2009-10-21

Opportunity Sol 264 (Spirit Sol 285)

Somehow I don't have a good feeling about yestersol's drive. This is borne out when I walk into the SOWG meeting and Cooper says, "Did you hear about what happened?"

Sure-fire bad news opener.

"The Brain Tractor Beam kicked in," he says. This is Frank's concept: the Dino Brain -- Wopmay -- has magic powers and can remotely screw up the rover's drives. "We hit a submerged rock and got 100% slip. Now we're back near the Brain somehow, with a solar panel near the rock."

Oh, shit. This is very bad.

We don't know enough about what happened yet to decide how we're going to try to fix it, so we can't tell the SOWG meeting what we'll need. Since we're going to be their highest priority, this means they can basically do nothing, so they decide to give us some time and reconvene in an hour or so.

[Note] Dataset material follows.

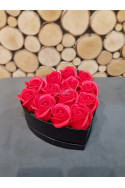 Flower box mydlane róże 3007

So Brian and I go talk to Mark Maimone, who's Mobility/IDD today. He's got a graph up, showing the rover struggling to climb uphill and breaking free at last. He's also got an image showing Wopmay off our port quarter. It's about 1.6m from the center of the WEB, which would make it about 30cm -- roughly a foot -- from the edge of the solar panels, in the worst case.

This is not a lot of room to maneuver, especially because any motion on our part -- even steering the wheels -- will tend to cause us to slip further toward Wopmay. In actuality, we have a little more clearance than that. The farthest tip of the solar panels is downhill from the tallest part of the rock, giving us a little extra room. But it's still not a lot.

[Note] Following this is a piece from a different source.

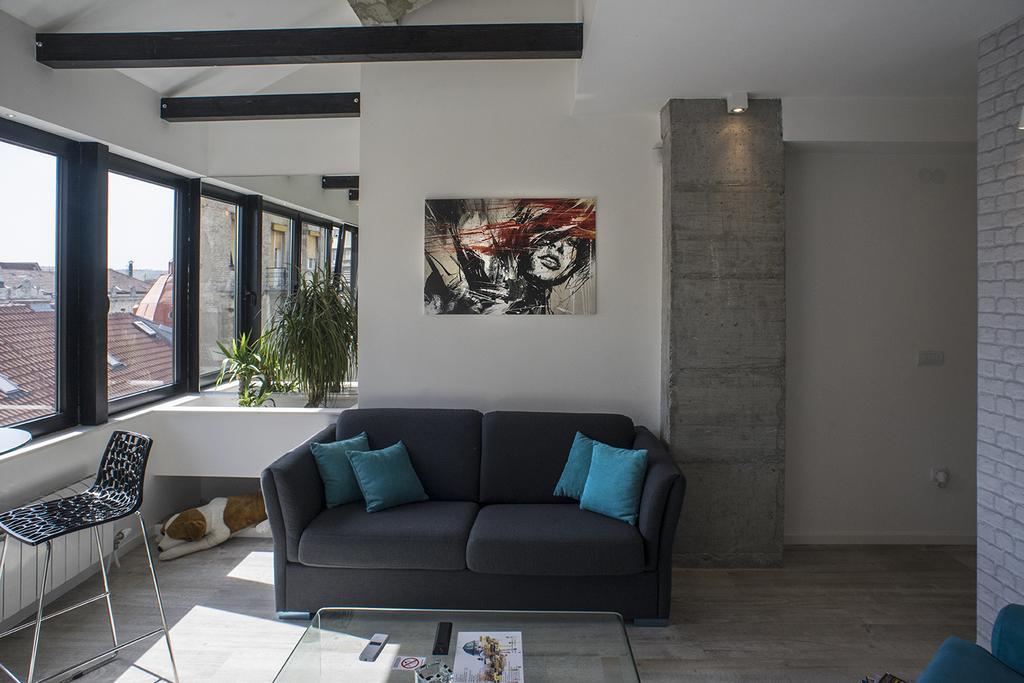 Apartment Savamala Art Beograd Eksteriør bilde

Clearly, we need to get away, and fast. Mark's suggestion is to go downhill, to use gravity instead of fighting it. This frustrates me, because I'd been thinking exactly the same thing the past couple of sols: gain cross-slope distance from Wopmay by going downhill, then come back uphill later. But I hadn't said anything, so shame on me. Anyway, Mark's suggestion is the right one, and we adopt it as our tentative plan.

Mark has another image, a very surprising one. It's the rear HAZCAM image, and it shows a rock about a meter behind the rover. That's not so unusual. The unusual part is that the rock wasn't there before.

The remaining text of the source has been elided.